Затесь первая («затесями» в Сибири называют зарубки на память). За Распутиным не заезжаем, он приходит к автобусу пешочком, с тяжелым грузом книг. Свою ношу, как крест, всегда несет сам, не позволяя даже близкому окружению подыгрывать его известности.

 

Затесь вторая. В честь приезда писателя в детском приюте приготовили кедровые саженцы для закладки аллеи. Перед самым началом одна из организаторов, все внимательно осмотрев, выбросила из мешка «бракованный» кедрик. Распутин этого не видел. А когда подошел — подобрал с земли росточек со сломанной вершинкой и пошел его сажать вместе с сиротской ребятней.

 

Затесь третья. В Юголоке на сцену вышла бабушка Екатерина Петровна Пушмина. Вежливо поздоровалась с «товарыщами». И начала «сказывать», как однажды загоревала о погубленной ангарской красоте. А подруга возьми и спроси: «А ты Распутина знашь? Наш парень, обо всем этом пишет». И стала бабушка Катя в семьдесят лет учиться сама грамоте. Да не с букваря начала, а с распутинской книги «Живи и помни». Несколько месяцев ее одолевала. «Не напрасно сердце билось — прочитала!» — сказала это, поклонилась и зашагала в радости на свое место.

 

Затесь четвертая. Разговариваем с главой района Владимиром Денисовым. Он сетует, что весь бюджет расходуется на выплату зарплаты. На развитие ничего не остается. Не живут, а выживают. Лесозаготовительные предприятия с трудом находят рабочих среди местного населения. 70—80 процентов трудоспособных — уже не работники. Водка сгубила. Вот и получается, по Распутину, что настоящего народа в Усть-Удинском районе — только треть.

 

Из современных сибирских классиков остался только Валентин Распутин. Но его голос почти не слышен. Я приехал в Иркутск, чтобы встретиться с ним.

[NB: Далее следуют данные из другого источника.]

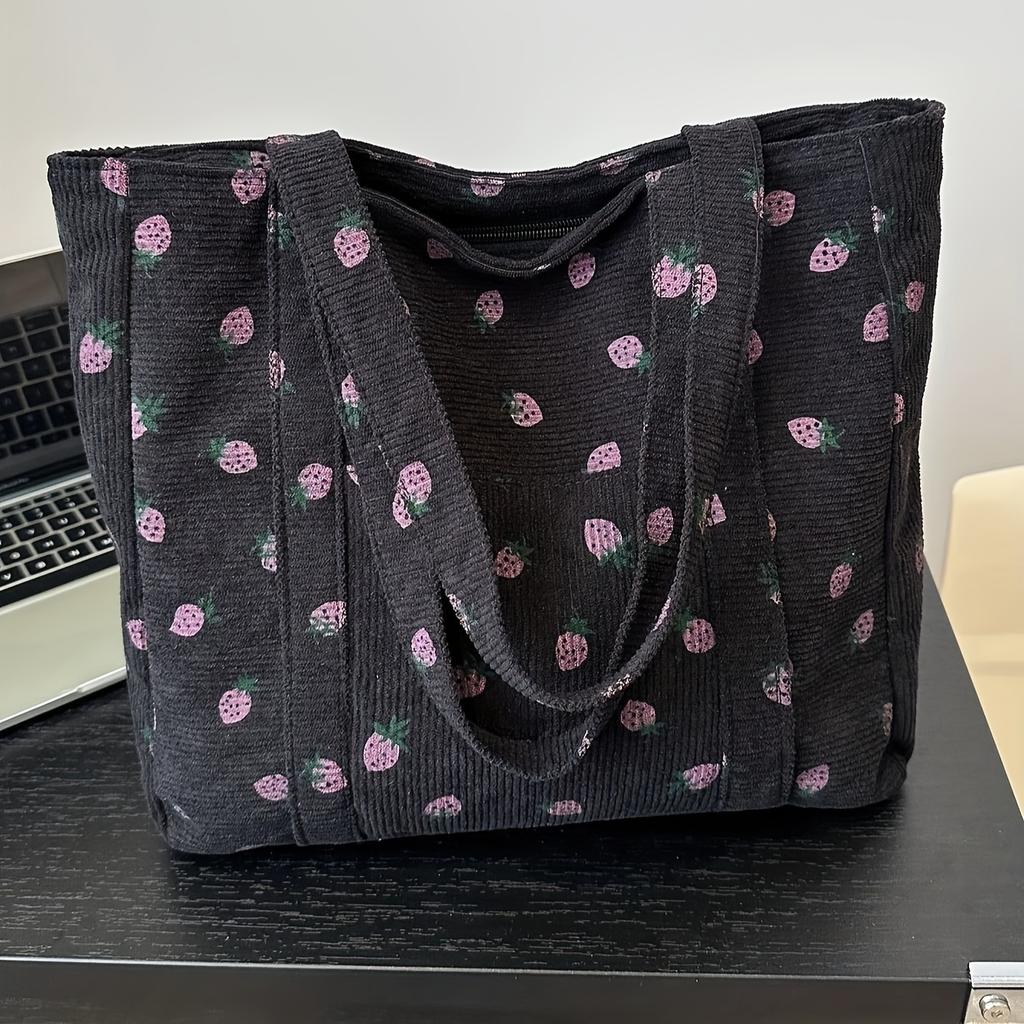 Сумка-тоут с клубничным принтом большой вместимости, женская модная сумка для покупок с фиксированной ручкой, повседневная дорожная сумка-тоут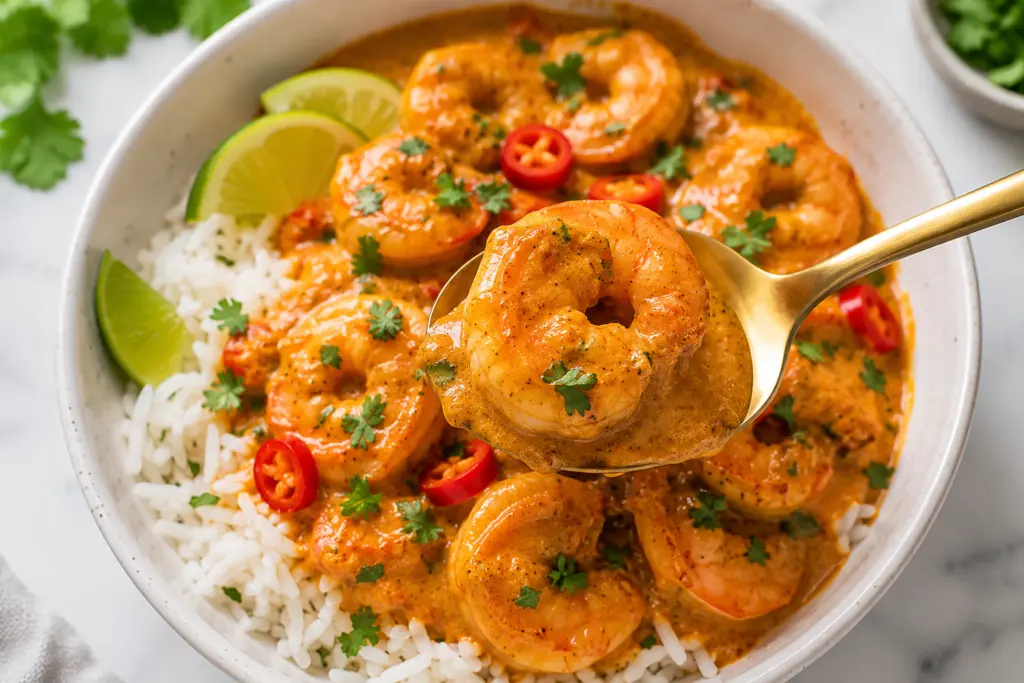 Easy Shrimp Curry Recipe 6 Shrimp curry served with rice and herbs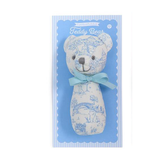 Blue Toile Pattern Teddy Bear Rattle
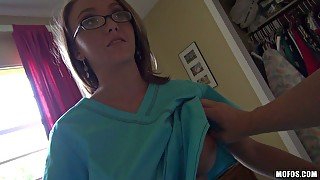 Nerdy teeny blonde babe Carrie gives some head on POV video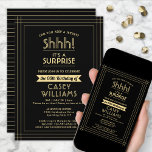 Convites Festa de aniversário surpresa Shhh! Preto Elegante<br><div class="desc">Você pode guardar um segredo? Convide a família e os amigos para uma elegante e excitante celebração de aniversário surpresa com convites de festas pretos e dourados personalizados. Toda a redação desta modelo é simples de personalizar, incluindo a mensagem que diz "Shhh! É uma SURPRESA." O design apresenta uma fronteira...</div>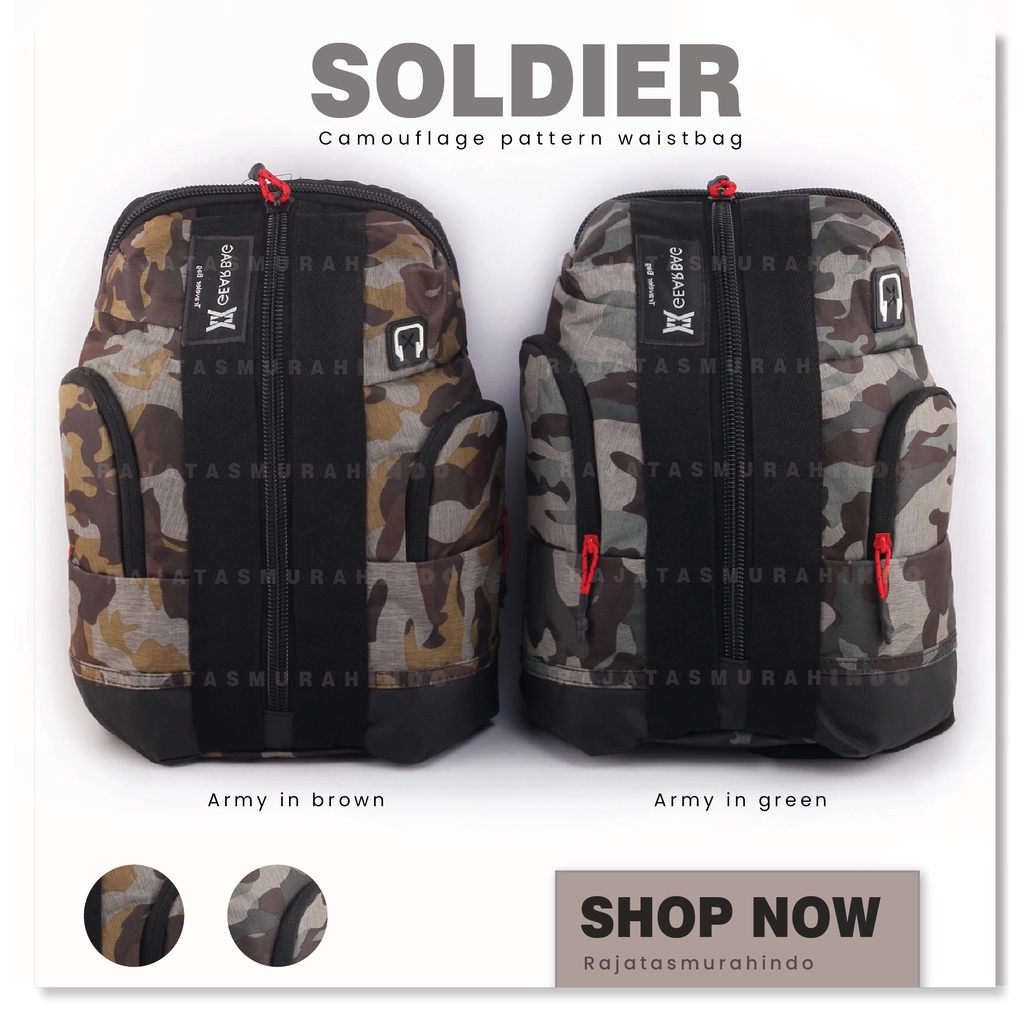 PTS - GEAR BAG SOLDIER 13126 - Travel Bag Waistbag Camouflage Tas Selempang Pria Slingbag Best Quality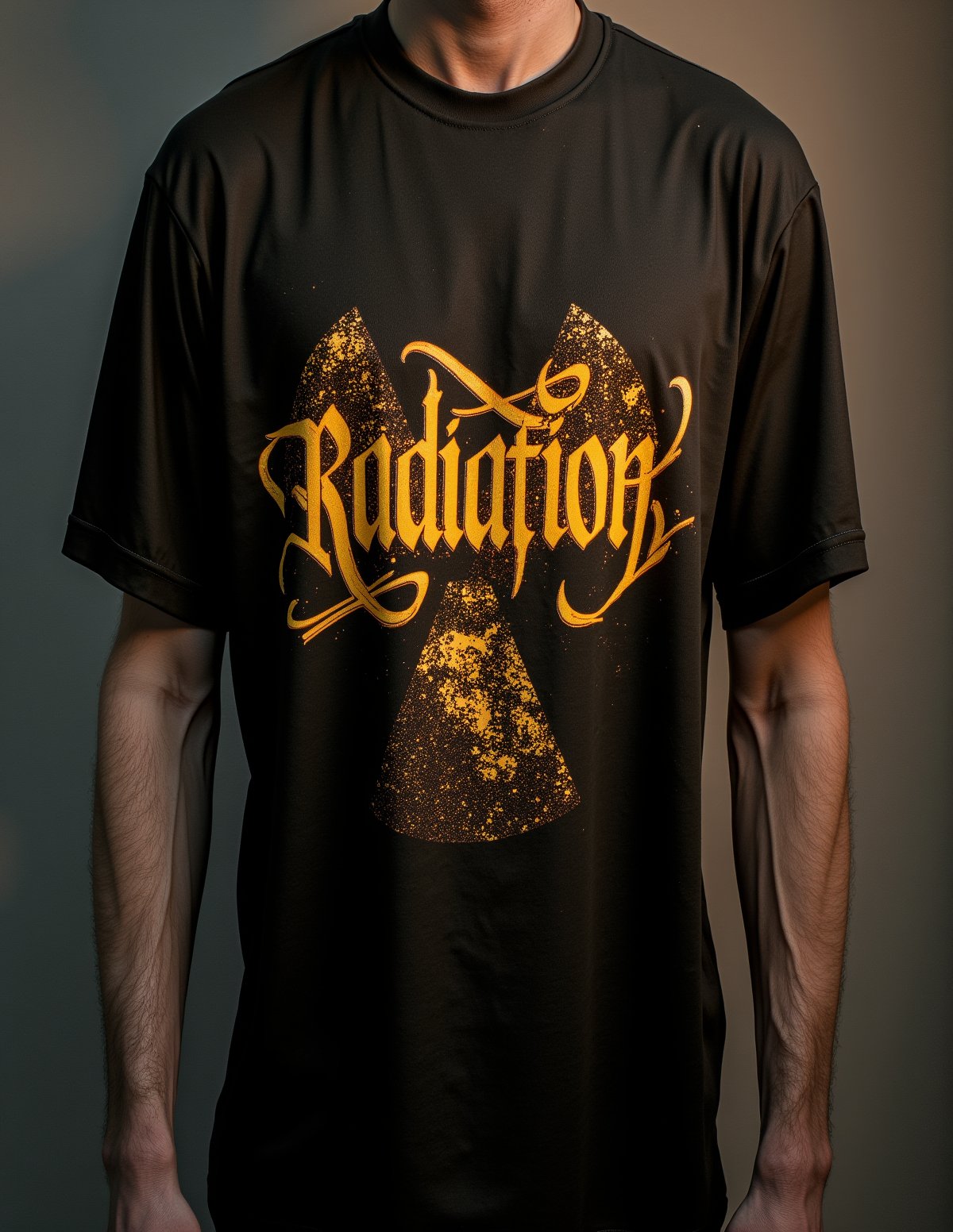 T_shirt,Design((best quality, masterpiece, ultra detailed, 8K, RAW photo), The word "Radiation" written in a beautiful gothic style with golden glowing calligraphy ink over a background of radioactive waste),full length shirt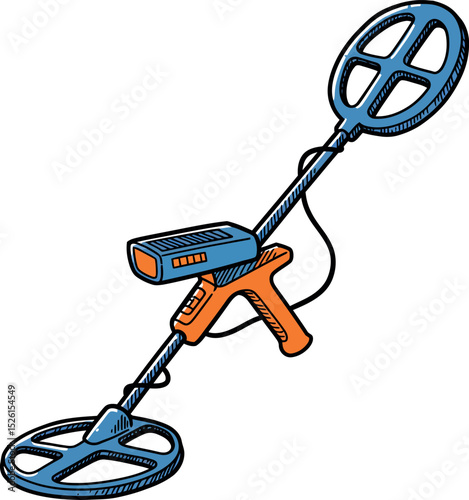 Cartoon Metal Detector Illustration with Blue and Orange Handle – Treasure Hunting Tool for Outdoor Exploration and Hobby

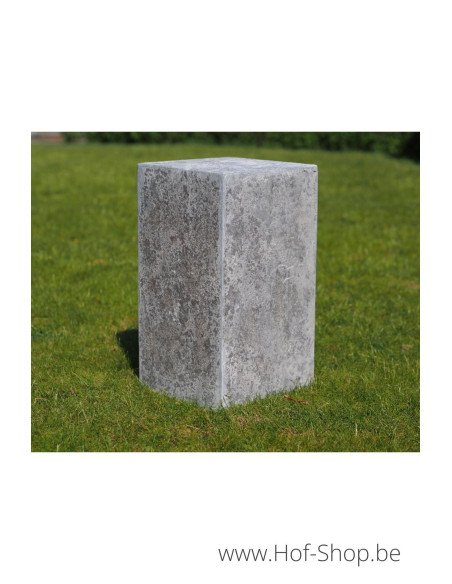 Sokkel 25 x 25 x 45 cm  gevlamd en geborsteld - zuil in blauwe hardsteen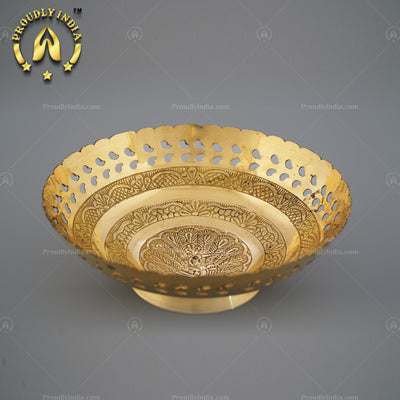 Set Of 3 Brass Decorative Fruit Basket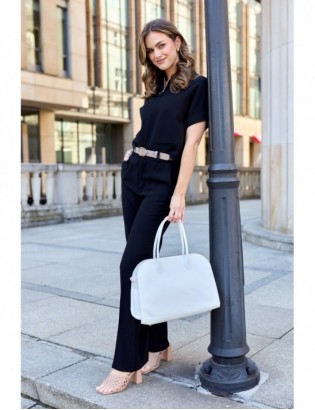 Torebka skórzana damska klasyczna pojemna A4 skóra włoska Beltimore biała W21 - zdjęcie 2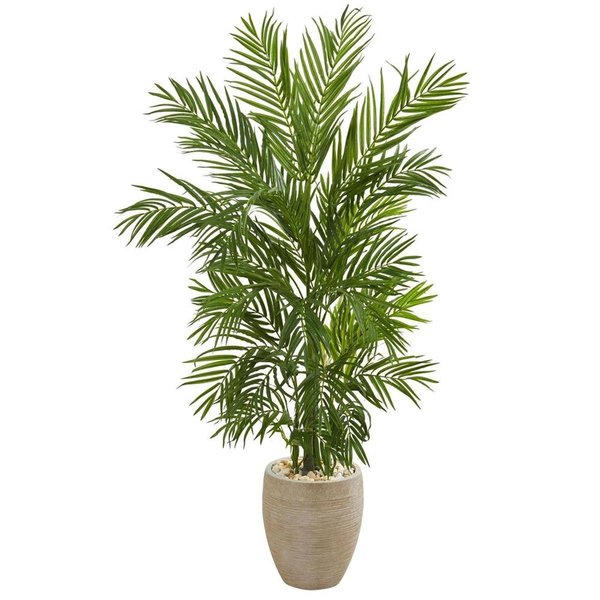 Nearly Naturals 5 ft. Areca Palm Artificial Tree in Sand Colored Planter 5642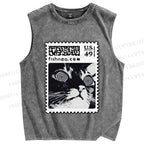 Unisex Stamp Cat Printed Washed Tank Top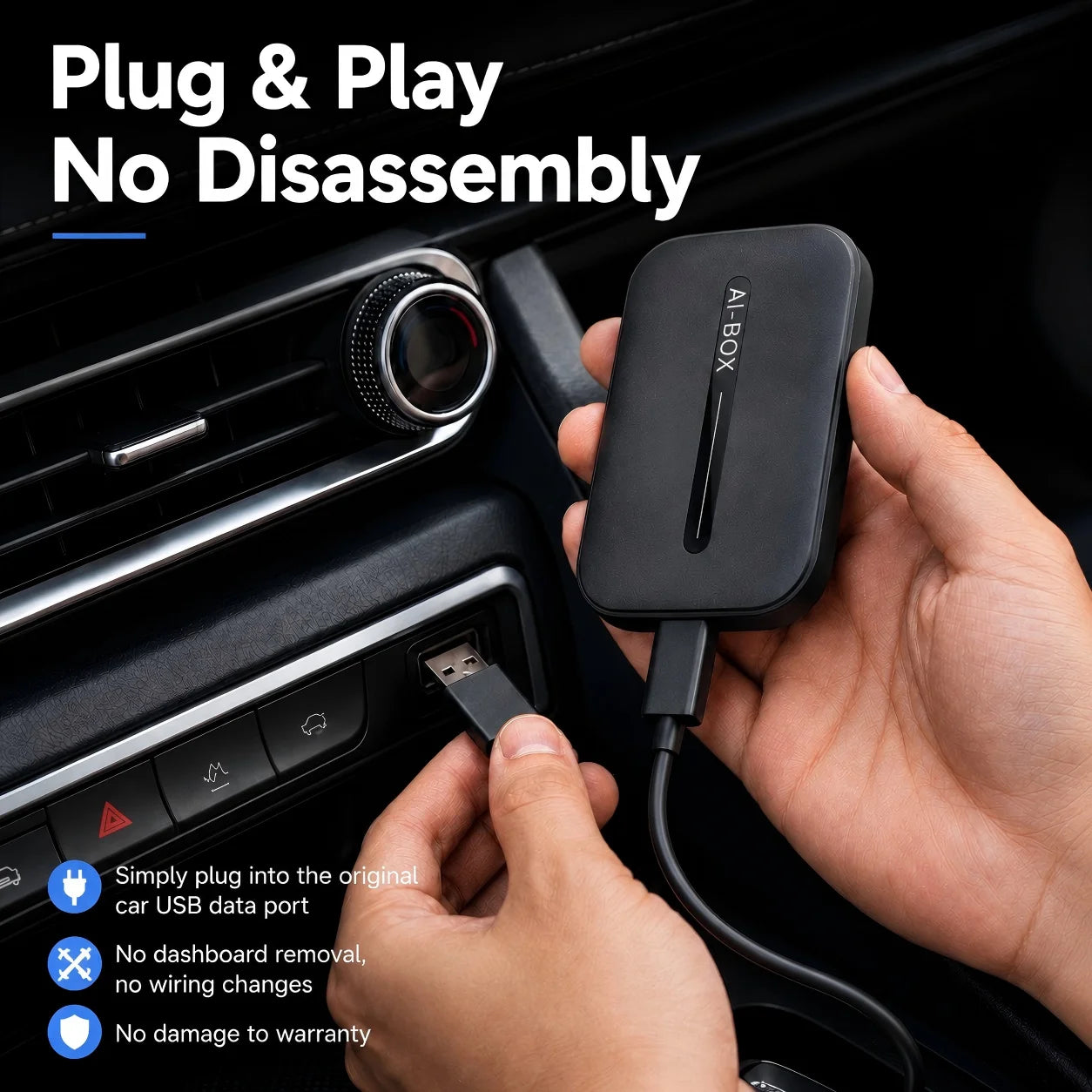 CarRocket Android 15 Wireless CarPlay Android Auto 4in1 CarPlay Ai Box 4Cores 2GB RAM+16GB ROM Plug and Play Stable Transmission
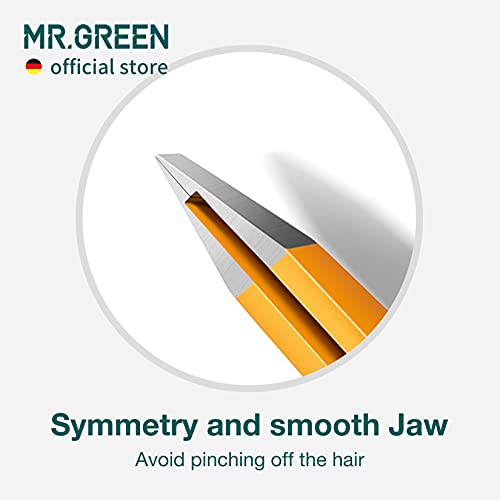 MR.GREEN Eyebrows Tweezers Colorful Beauty Fine Hairs Puller Makeup Tools Stainless Steel Slanted Eye Brow Clips Removal (Orange)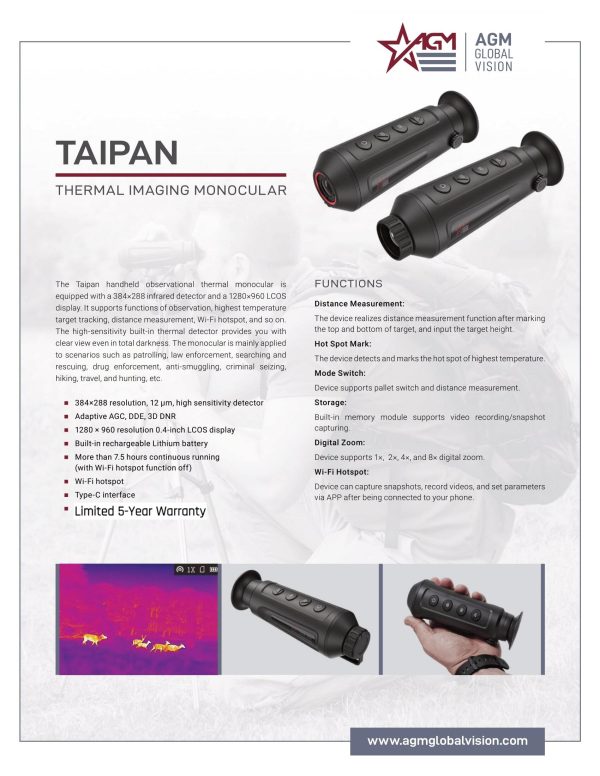 AGM Taipan Thermal Monocular Data Sheet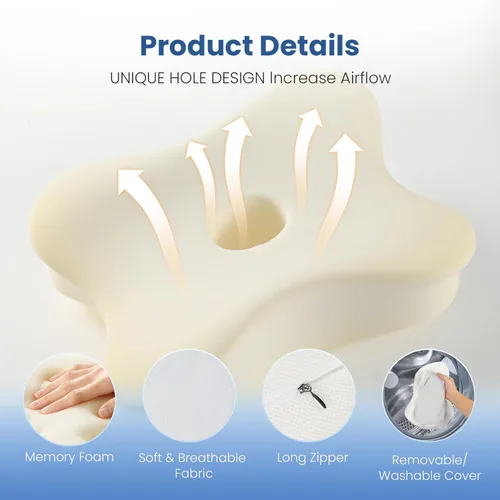 Vista 9 de JINXIA Almohada de rodilla para dormir de lado, cómoda almohada de espuma viscoelástica para dormir de lado, almohada para dormir entre piernas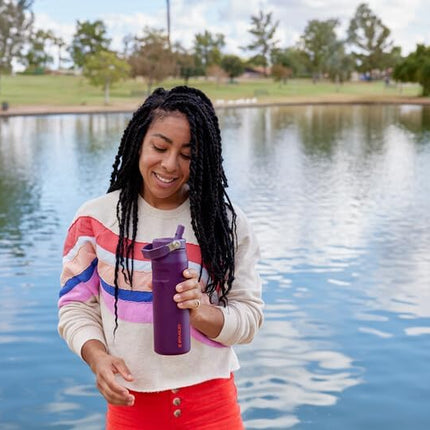Stanley IceFlow Flip Straw 2.0 Water Bottle | Built in Straw with Larger Mouth | Lightweight & Leak Proof | Insulated Stainless Steel | BPA Free | Rose Quartz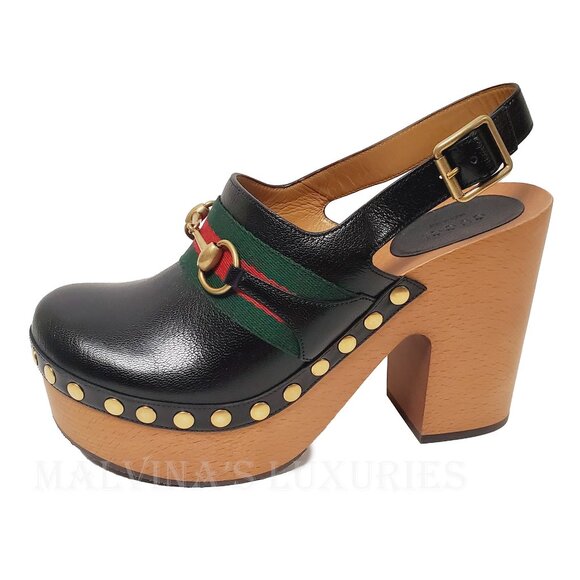 GUCCI SHOES HORSEBIT WEB BLACK LEATHER PLATFORM CLOGS w STUDS sz 39.5 9.5 - Picture 6 of 15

 Узнать о причинах его затворничества. Ведь после появления повести «Пожар», в последующие семнадцать лет, он напомнил о своем существовании всего лишь несколькими рассказами.

Но было еще и другое. Более важное…

Не давал покоя разговор в больнице с Виктором Петровичем Астафьевым. Он уже чувствовал, что жить ему осталось совсем немного. «Болезненных» тем я с ним не затрагивал. Тем более не касался его разлада с Распутиным. Два величайших писателя после многих лет душевного единения стали как враги. Различия в общественных позициях образовали в их отношениях непреодолимую пропасть.

Для Астафьева это было наболевшим. Он сам мне поведал о том, что читает Распутина. А потом сказал: «Мог бы Валя и приехать…» Распутин не приехал. Астафьева вскоре не стало.

Иркутская встреча мне нужна была, в первую очередь чтобы рассказать об этом астафьевском откровении… Как камень с души снять.

— О чем разговаривать?! Зачем?! Кому это сейчас нужно! — категорично звучал из телефонной трубки голос Распутина. — Я больше двадцати лет занимался публицистикой. Ничего не изменилось. И вообще, мне некогда. Послезавтра уезжаю на родину.

С большим трудом, но мы все же договорились встретиться на следующий день, правда с его непременным условием: «Не больше пятнадцати минут на весь разговор».

Нежданно выпавшее свободное время я потратил на прогулки по старому Иркутску и беседы с горожанами о Распутине. Из двадцати человек — четырнадцать знали, о ком идет речь. Больше того — ни от одного из них я не услышал дурного слова о Распутине. Своеобразную черту под разговорами подвел свободный художник Александр Чегодаев. Посетовав на давний отказ Распутина позировать для портрета, он уверенно заявил: «Даже если он больше ничего не напишет, все равно войдет в историю как величайший писатель. Его «Прощание с Матерой», «Последний срок», «Живи и помни» будут читать долго».

Я понял, что те отведенные для беседы нищенские четверть часа ничего не дадут в постижении Распутина. Нужно ехать с ним на родину, в далекий Усть-Удинский район, откуда он пошел во взрослую жизнь.

Хотелось понять, как этот мальчишка из голытьбы, знавший «яблоки только по картинкам», а далекий город по рассказам, — выбился, как говорили раньше, в люди.

Он был из такой глубинки, что стал первым в своей Аталанке, кто поехал в райцентр за… средним образованием.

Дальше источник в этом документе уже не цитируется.